A Series as the Door:
Stephan Tillmans
Nigh Issue 9: Before Meaning
A
Series as the Door
一枚の絵ではなく、シリーズを通して見るからこそ、感じられる作家の気配がある。純粋な直感、身体の記憶、反復の中に現れる癖、思考の揺らぎ。意図しない何かが、輪郭を持たないまま、静かに滲んでいる。ここでは、ひとつのシリーズ作品を入り口に作家の内なる領域へと深く入り込んでいく。

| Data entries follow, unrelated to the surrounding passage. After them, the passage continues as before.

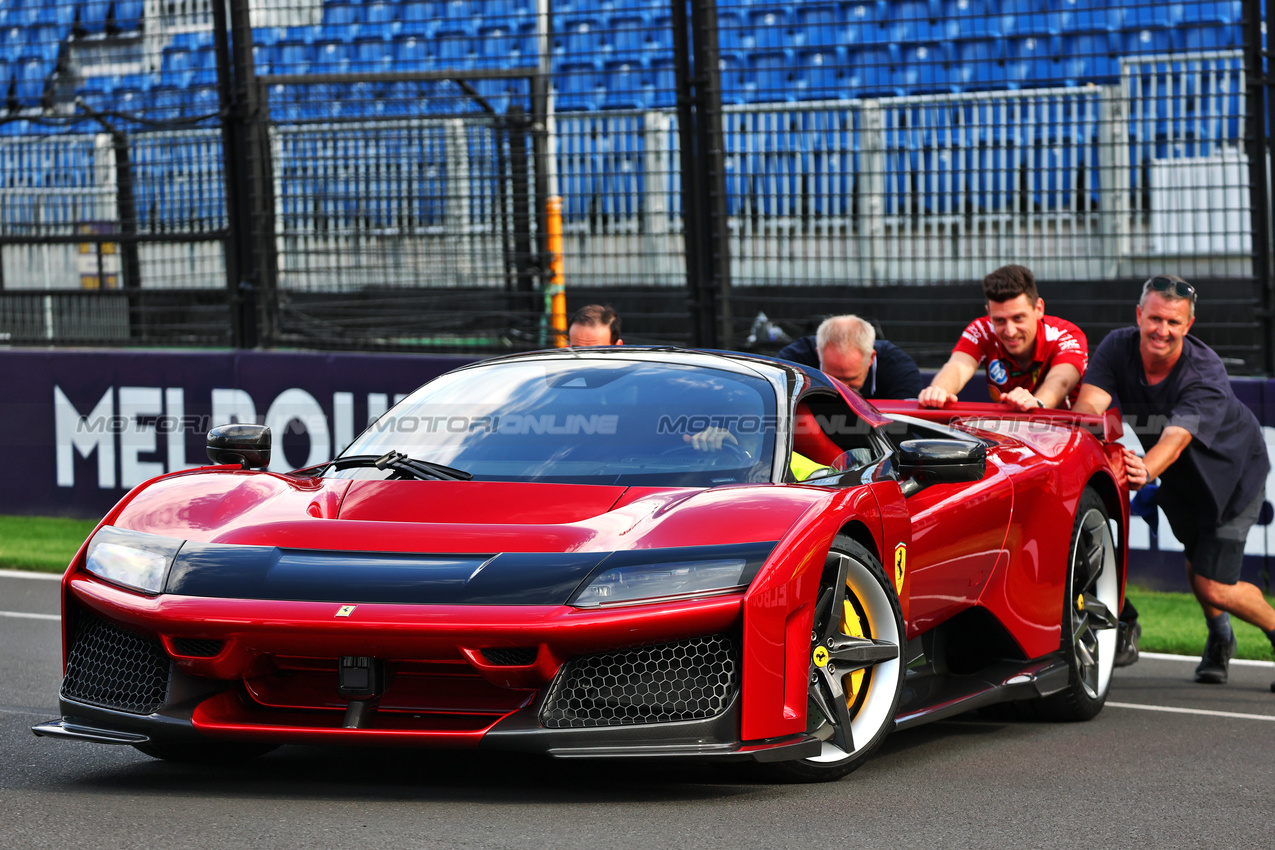 GP AUSTRALIA, Circuit Atmosfera - A Ferrari F80.

12.03.2025. Formula 1 World Championship, Rd 1, Australian Grand Prix, Albert Park, Melbourne, Australia, Preparation Day.

- www.xpbimages.com, EMail: requests@xpbimages.com © Copyright: Batchelor / XPB Images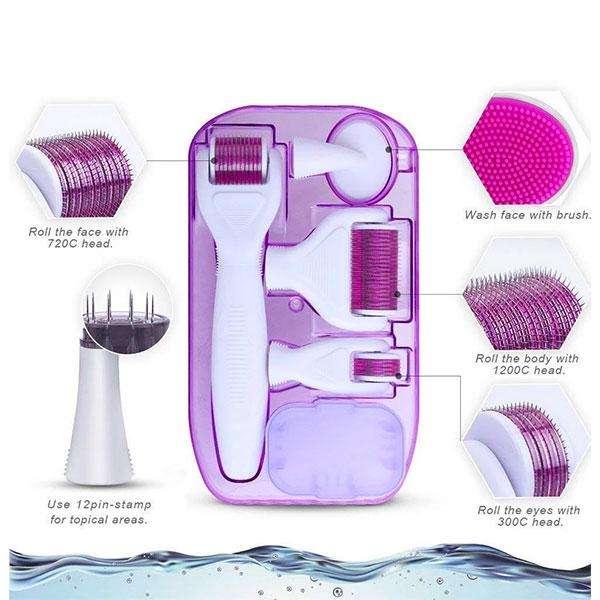 6-in-1 Derma Roller Set - Black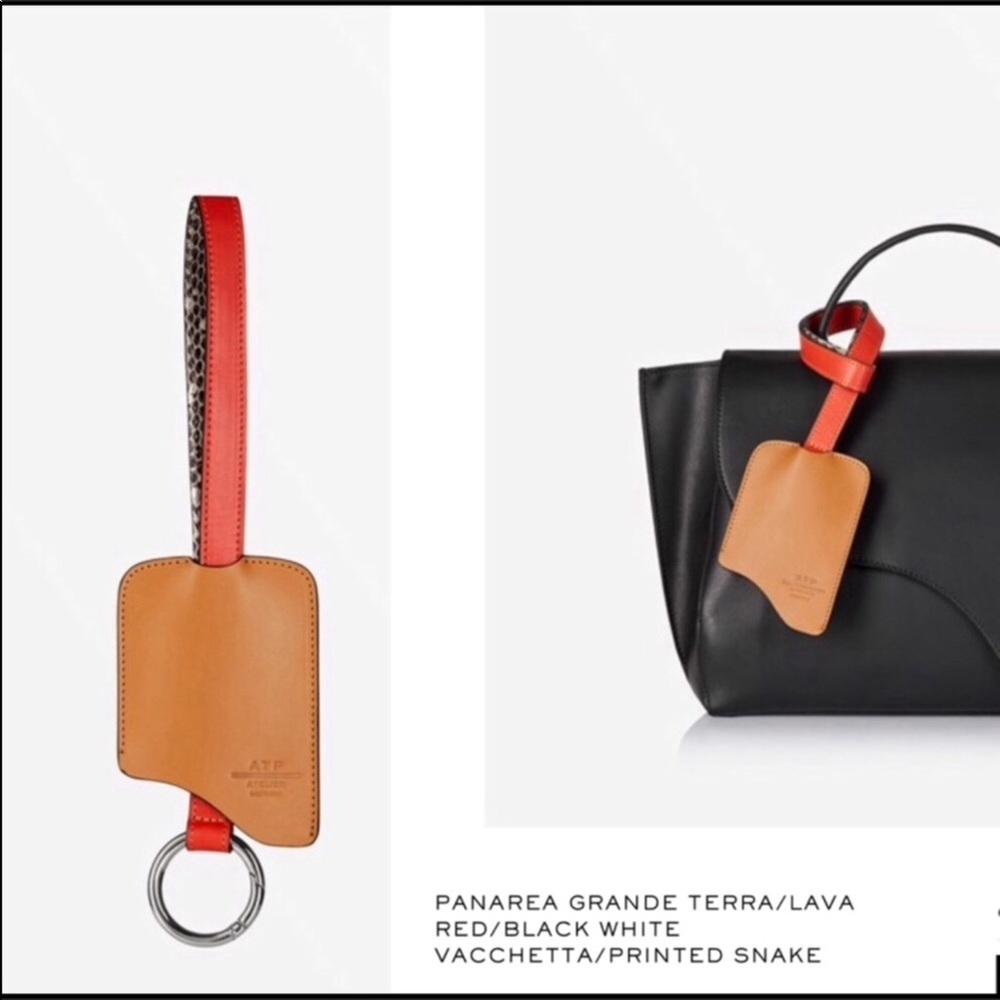 ATP Atelier Leather Key holder Handmade in Italy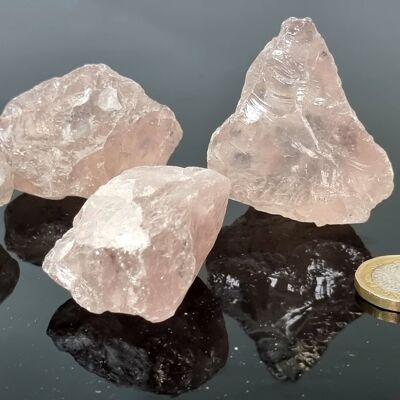 Cristal de quartz rose brut de haute qualité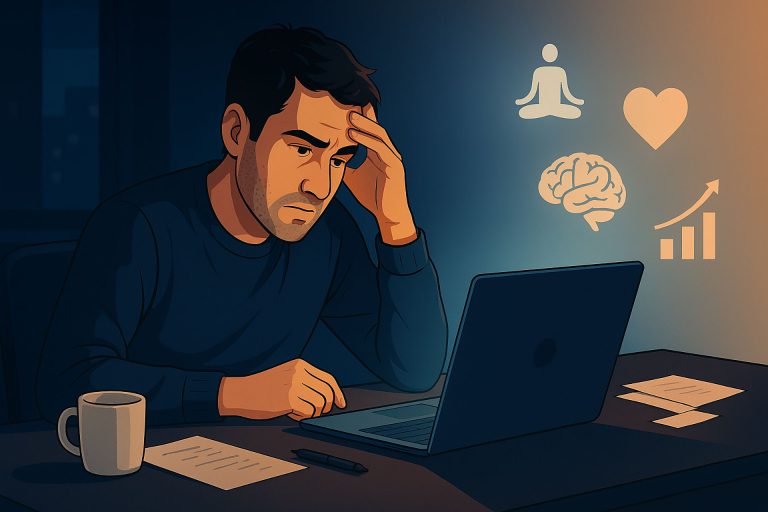 mindful leadership and tech founder stress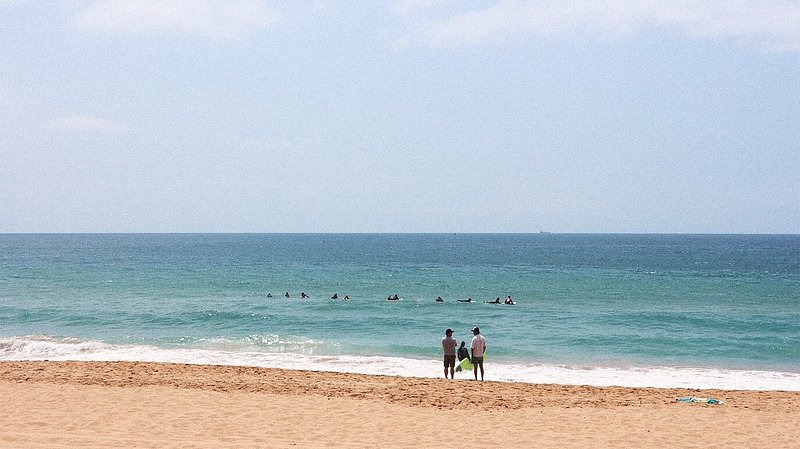 Palm Beach in Sydney for beginner surfers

A Series as the Door / Nigh Magazine
Luminant Point Arrays
『Luminant
Point Arrays』は、古いブラウン管テレビが電源を切られる“その瞬間”を捉えた写真シリーズです。画面に映っていた映像は崩れ、ただの“光”だけが残ります。つまり「テレビが何かを映していた」という意味は失われ、光そのものへと抽象化されるのです。それと同時に「これは何を映しているのか」という現実世界との繋がりも失われていきます。これらの写真はそれぞれ異なるテレビを撮影したものですが、シャッターを切るタイミングや露光時間、そして、撮影前にテレビがどれくらい点いていたかといった条件によって、映し出される光の表情は変化します。